I’ve posted pictures of my dad and said quick things here before about him. But, I don’t think I have really ever written down what he was like, what he did.

My dad served in the Navy. I don’t remember much about this time (honestly, as a young child, my memories are pretty faded). But, there are times I remember when he would come home from work and I would think, I love my daddy’s uniform.

We were a happy family, but often lived from paycheck to paycheck. In fact, we ate macaroni and cheese often. We lived in an apartment and I remember that there was only one car. I’ve been told that at one point, my parents didn’t even have a car. When you think about times now, every driving member of a household has a vehicle. Such a foreign concept these days.

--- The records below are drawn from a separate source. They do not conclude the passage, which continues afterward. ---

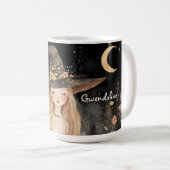 キュイお洒落ハッピーハローウィンウィッチパーソナライズされた コーヒーマグカップ (正面右)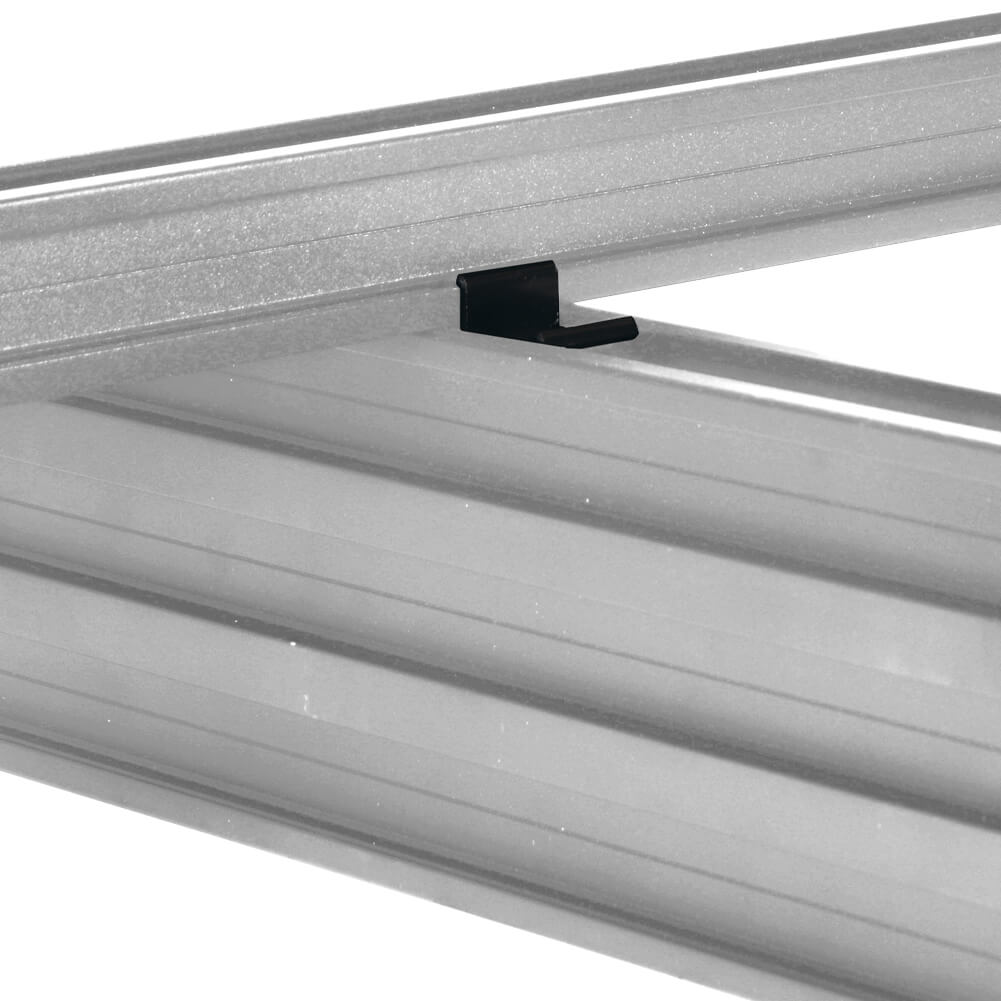 Close-up of a single QwickBuild A203 bracket showing aluminium construction and fixing points for joist connection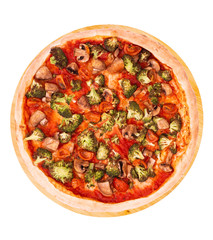 Pizza with veggie vegetables top view, on bamboo bottom isolate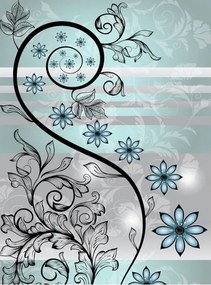 Virágos tapéta Absztrakt Pasztell Harmónia Elegáns Virágok 206x275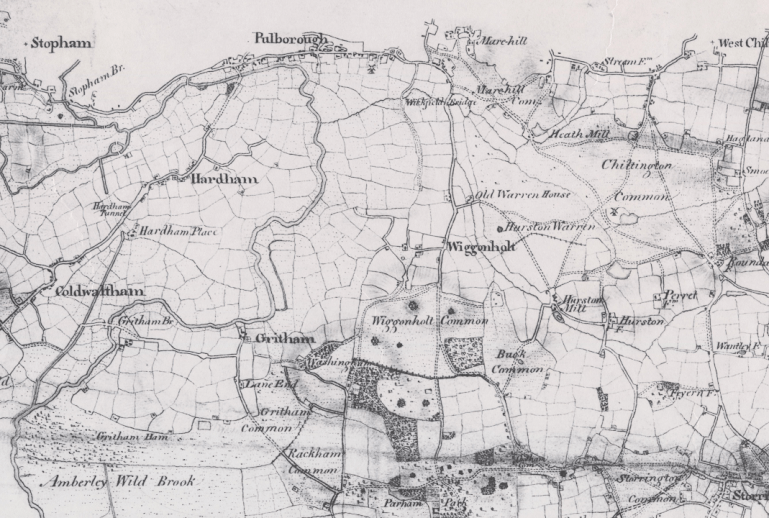 Image shows area surroung Pulborough, Stopham, Hardham, Wiggonholt, Storrington, Parham and Coldwaltham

My father would shine his shoes every week, and I loved his shoe-shine box that had all those brushes, and rags and cans of polish. I LOVED this time. Putting on his shoes, pretending to shine my own.

I remember my father shaving off his mustache a couple of times in my childhood – every time, I was frightened of him. Isn’t that funny? I mean, here was this same man, just without facial hair. And, that frightened me about him.

As I got older, and my family was doing much better financially – they finally bought their first home when we lived in Georgia. It was before my brother was born, and I was in Middle School. My dad was so in his element at this time…He was into wood working and he would make things for the house. He built custom frames and mattes for the cross stitch pieces my mom and he would make. Even later on in life he built an addition to the house and put in a well and sprinkler system.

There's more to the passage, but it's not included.